La bandera en la cumbre es un ensayo que enriquece y complejiza nuestra mirada hacia la montaña. En la última página, el eco de la pregunta inicial sigue resonando: ¿qué bandera plantaremos en nuestra cumbre? Ahí reside el acierto del libro, en recordarnos que la montaña -lejos de ser un refugio apolítico- es un espejo que nos devuelve la imagen más nítida de lo que somos como sociedad. No una montaña inmaculada, sino una montaña con historia y con huellas.

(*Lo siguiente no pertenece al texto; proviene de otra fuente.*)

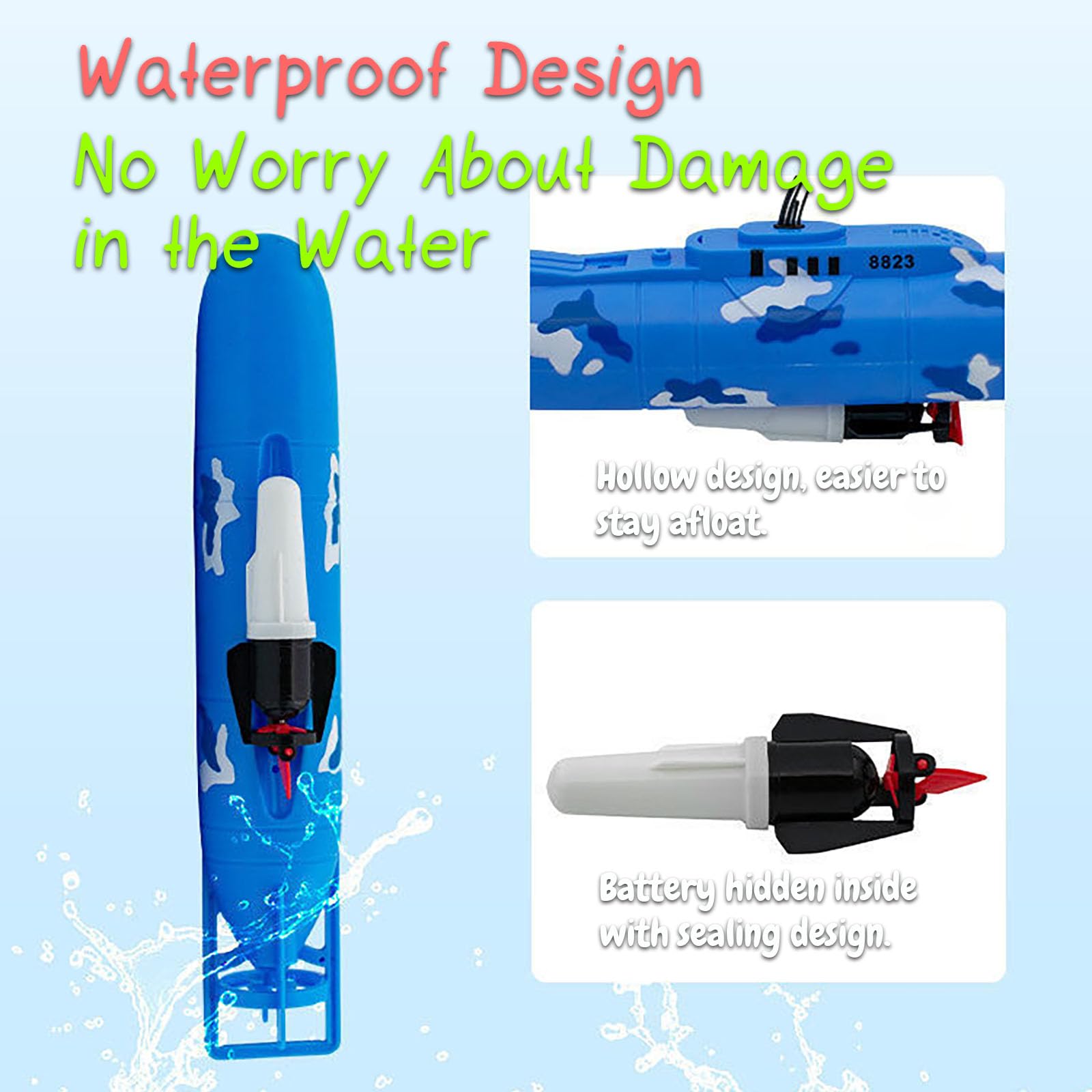 Rinnland submarine toy sinks and rises via vent-driven water entry.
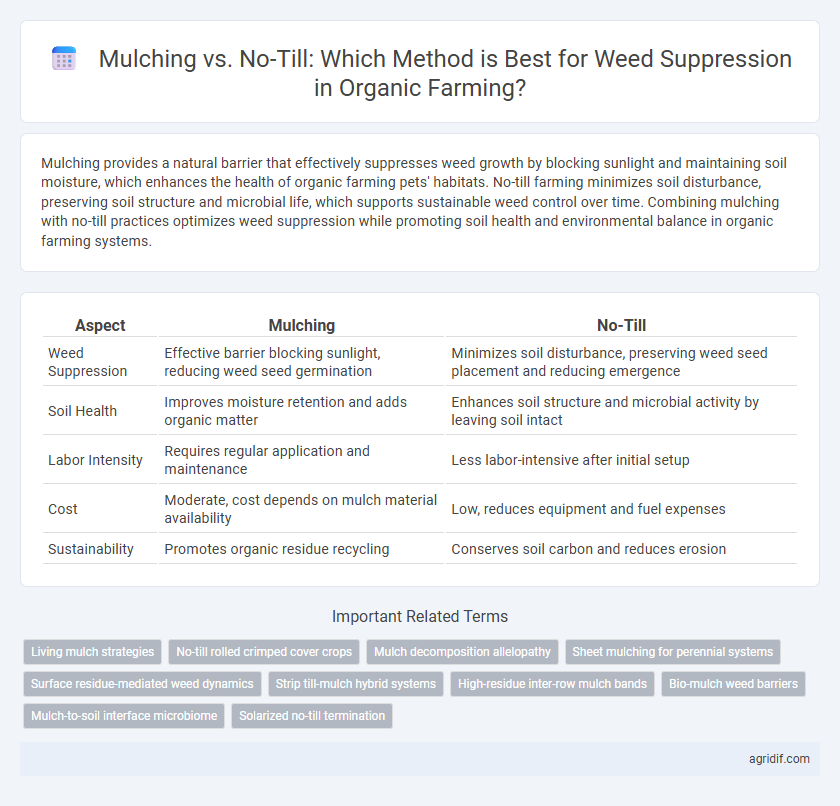 Mulching vs. No-Till: Which Method is Best for Weed Suppression in Organic Farming?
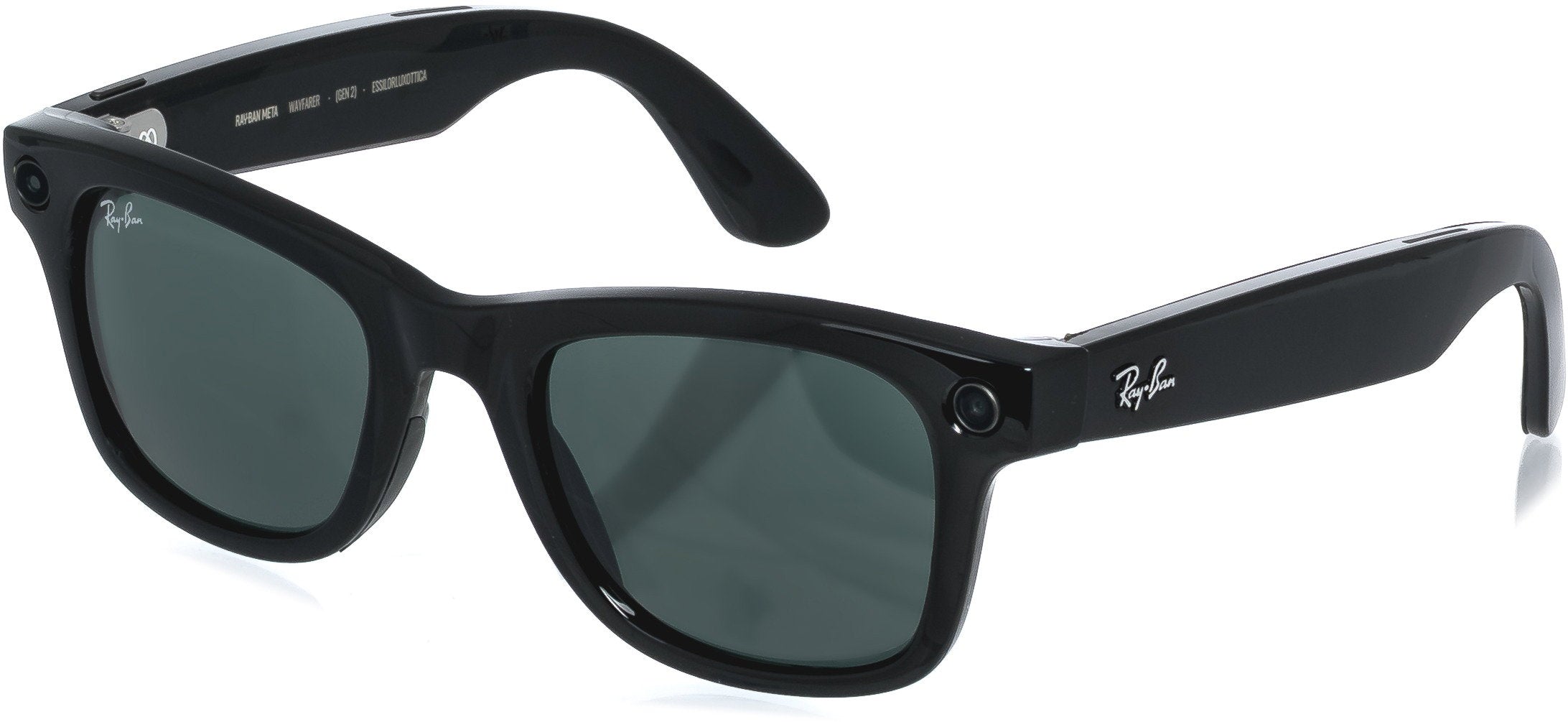 Meta Wayfarer Chytré Brýle Gen 2 Lesklá Černá Zelená 0RW4012 601/7150
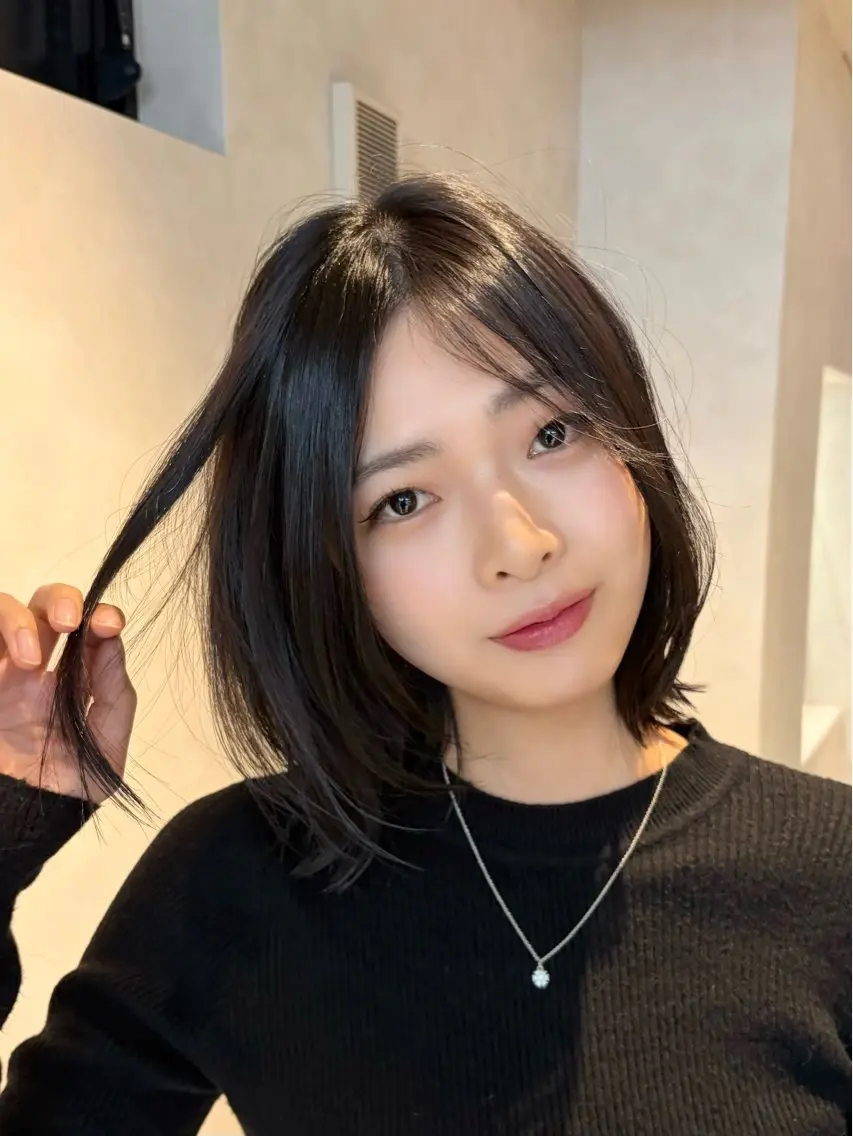 ミディアム カラー カット ヘアカラー トリートメント 《髪質改善✖️レイヤ ー🩶》ナオヤのヘアスタイル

Un libro para quienes aman la montaña, sí, pero también para quienes aman la historia, la política, las ideas que se elevan tanto como la roca. Y para quienes se preguntan: ¿qué bandera quiero izar en mi cima? Yo me quedo, cada vez más, con esta:
“[N]o es más limpio –más ecológico- quien más limpia, sino quien menos ensucia. Esta segunda vocación requiere un mayor grado de autorreflexión que la primera, y, si nos implicamos en ella, no nos bastará con no abandonar nuestros pertrechos en el Everest, sino que tendremos que ir más allá y preguntarnos cómo se fabricaron, de qué materiales están hechos –tal vez se extrajeron de una devastadora mina del Congo-, cuál es la huella de carbono de su transporte hasta la tienda en la que los compramos, cuán imprescindibles son. E incluso decidiremos, si la llevamos al extremo, no ir al Himalaya en absoluto si no somos habitantes de sus laderas. También es una forma de ecologismo, aunque no necesite etiqueta alguna, renunciar a conocer las cordilleras de las antípodas, llenando la atmósfera del dióxido de carbono del avión en el que volamos para llegar a ellas, y conformarnos con las que quedan cerca de casa. Nos convertimos así en alpinistas de kilómetro cero como Nan Shepherd, que en los Cairngorms no encontraba gargantas vertiginosas ni escarpaduras estratosféricas en las cuáles sufrir el mal de altura, pero tampoco lo necesitaba. Siguen existiendo montañeros monógamos cuyo mundo cabe en dos o tres hojas del Mapa Topográfico Nacional”.